New lawsuit takes aim at OpenAI, Google, Meta, and others—arguing billion-dollar models were built on stolen creative work, not just public data.
A fresh wave of legal action is targeting the AI industry’s foundation: copyrighted books. Investigative journalist John Carreyrou (author of Bad Blood) and other prominent authors have filed a lawsuit against six major AI companies—Anthropic, Google, OpenAI, Meta, xAI, and Perplexity—accusing them of training large language models (LLMs) on pirated copies of their books.
- The suit alleges massive copyright infringement, claiming the companies knowingly trained their AI on unauthorized datasets containing entire books.
- Plaintiffs argue these models generate billions in revenue, while writers are paid nothing—or offered paltry settlements.
“LLM companies should not be able to extinguish thousands of high-value claims at bargain-basement rates,” the complaint reads.
If ChatGPT, Claude, and Gemini sound like bestselling authors, it may be because they were trained on them.
This case builds on mounting discontent in the literary world, where authors see their work repurposed without credit, permission, or compensation.
- In a prior class action, Anthropic was sued for similar copyright violations. The court found that while training on pirated books was not explicitly illegal, pirating the books to begin with was.
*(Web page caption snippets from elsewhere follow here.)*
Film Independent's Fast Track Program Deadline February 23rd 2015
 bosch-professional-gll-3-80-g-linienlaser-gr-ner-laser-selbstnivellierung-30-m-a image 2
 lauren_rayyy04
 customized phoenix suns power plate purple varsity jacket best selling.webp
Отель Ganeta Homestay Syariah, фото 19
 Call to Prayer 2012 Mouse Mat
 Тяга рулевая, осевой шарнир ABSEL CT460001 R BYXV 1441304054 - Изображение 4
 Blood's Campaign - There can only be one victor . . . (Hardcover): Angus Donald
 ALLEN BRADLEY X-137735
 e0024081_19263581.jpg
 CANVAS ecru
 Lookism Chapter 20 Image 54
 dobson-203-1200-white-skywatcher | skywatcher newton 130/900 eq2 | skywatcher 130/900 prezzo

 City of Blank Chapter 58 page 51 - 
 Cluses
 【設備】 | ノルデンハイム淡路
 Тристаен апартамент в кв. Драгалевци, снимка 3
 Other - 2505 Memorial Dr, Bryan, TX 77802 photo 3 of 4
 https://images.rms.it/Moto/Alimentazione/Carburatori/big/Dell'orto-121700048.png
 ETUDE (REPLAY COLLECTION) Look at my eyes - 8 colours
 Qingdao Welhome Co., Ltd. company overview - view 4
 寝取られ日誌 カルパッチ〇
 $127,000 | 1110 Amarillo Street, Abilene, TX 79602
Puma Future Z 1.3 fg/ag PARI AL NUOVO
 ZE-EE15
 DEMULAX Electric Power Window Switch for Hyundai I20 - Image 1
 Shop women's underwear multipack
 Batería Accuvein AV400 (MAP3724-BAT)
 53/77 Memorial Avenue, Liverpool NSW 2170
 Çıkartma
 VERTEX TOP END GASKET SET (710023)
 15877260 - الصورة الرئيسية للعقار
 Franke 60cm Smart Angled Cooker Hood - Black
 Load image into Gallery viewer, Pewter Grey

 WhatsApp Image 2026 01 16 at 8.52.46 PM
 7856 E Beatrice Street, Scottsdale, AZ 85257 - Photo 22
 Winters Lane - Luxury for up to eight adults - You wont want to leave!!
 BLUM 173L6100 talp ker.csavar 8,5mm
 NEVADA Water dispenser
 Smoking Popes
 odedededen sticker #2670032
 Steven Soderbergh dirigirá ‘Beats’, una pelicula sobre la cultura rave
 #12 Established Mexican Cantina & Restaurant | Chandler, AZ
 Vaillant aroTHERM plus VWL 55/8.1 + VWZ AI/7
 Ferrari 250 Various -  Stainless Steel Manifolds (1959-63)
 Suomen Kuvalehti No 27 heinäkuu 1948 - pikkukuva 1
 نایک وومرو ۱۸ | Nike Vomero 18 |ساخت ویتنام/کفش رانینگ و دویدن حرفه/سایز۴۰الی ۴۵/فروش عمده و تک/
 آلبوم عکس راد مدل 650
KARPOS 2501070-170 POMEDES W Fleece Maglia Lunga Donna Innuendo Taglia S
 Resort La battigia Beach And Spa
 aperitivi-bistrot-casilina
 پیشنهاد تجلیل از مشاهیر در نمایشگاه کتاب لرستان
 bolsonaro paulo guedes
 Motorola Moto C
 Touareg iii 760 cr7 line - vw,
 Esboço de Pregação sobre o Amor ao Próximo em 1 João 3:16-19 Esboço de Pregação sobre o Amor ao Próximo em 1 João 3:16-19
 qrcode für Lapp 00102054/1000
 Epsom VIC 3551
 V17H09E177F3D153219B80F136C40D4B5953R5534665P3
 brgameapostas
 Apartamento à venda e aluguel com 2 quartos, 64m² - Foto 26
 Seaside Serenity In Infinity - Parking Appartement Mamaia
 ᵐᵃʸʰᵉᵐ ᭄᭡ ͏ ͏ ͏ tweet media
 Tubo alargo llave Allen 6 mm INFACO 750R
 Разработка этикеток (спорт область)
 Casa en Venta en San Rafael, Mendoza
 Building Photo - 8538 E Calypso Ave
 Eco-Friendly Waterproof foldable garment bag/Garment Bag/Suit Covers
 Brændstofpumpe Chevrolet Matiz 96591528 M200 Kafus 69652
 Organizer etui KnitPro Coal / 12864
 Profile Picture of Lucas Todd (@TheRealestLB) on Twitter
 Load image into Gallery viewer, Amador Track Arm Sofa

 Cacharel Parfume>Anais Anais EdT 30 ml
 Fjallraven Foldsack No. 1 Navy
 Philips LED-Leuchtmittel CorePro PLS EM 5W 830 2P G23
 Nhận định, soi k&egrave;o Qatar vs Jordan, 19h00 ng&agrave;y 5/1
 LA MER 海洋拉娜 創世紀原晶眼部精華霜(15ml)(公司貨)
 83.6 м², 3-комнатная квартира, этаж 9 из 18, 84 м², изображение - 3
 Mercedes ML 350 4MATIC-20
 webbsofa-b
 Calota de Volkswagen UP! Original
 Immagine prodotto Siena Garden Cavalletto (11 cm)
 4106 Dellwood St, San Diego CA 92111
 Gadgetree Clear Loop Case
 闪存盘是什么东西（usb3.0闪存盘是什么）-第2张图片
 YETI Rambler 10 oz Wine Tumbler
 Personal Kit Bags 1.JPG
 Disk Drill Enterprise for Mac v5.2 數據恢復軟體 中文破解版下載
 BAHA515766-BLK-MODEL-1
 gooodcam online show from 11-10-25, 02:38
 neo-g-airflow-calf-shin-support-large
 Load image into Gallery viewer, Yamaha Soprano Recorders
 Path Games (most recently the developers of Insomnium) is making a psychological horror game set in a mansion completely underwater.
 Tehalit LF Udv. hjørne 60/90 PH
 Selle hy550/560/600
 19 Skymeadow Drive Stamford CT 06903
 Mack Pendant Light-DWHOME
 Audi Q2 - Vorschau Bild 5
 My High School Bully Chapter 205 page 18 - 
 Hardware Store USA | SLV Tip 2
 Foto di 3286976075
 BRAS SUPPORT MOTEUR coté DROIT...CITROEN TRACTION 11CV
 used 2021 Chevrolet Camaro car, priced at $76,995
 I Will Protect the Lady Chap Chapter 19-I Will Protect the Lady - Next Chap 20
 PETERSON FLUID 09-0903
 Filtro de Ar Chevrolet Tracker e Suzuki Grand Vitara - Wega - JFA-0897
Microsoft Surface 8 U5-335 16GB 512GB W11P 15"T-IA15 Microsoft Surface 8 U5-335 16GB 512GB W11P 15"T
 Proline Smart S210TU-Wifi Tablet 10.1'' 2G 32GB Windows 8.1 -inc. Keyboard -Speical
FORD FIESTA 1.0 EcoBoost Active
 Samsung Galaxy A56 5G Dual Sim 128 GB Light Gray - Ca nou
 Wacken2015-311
- A proposed $1.5 billion settlement allows authors to claim around $3,000 each.
- The new lawsuit calls that outcome “a deal that benefits AI firms more than creators.”
Authors are now rejecting symbolic wins and seeking systemic accountability.
The Stakes: Copyright vs. AI’s Appetite for Data
At the heart of this case is a legal and ethical question with multibillion-dollar implications:
Is it fair—or legal—for AI firms to build products on copyrighted books without licensing them?
- AI companies argue that LLM training falls under fair use, comparing it to how search engines index the web.
- Authors argue these models can summarize, replicate, or even rewrite their books, blurring the line between training and content theft.
- The plaintiffs believe intentional infringement is baked into LLM development, calling it “massive and willful.”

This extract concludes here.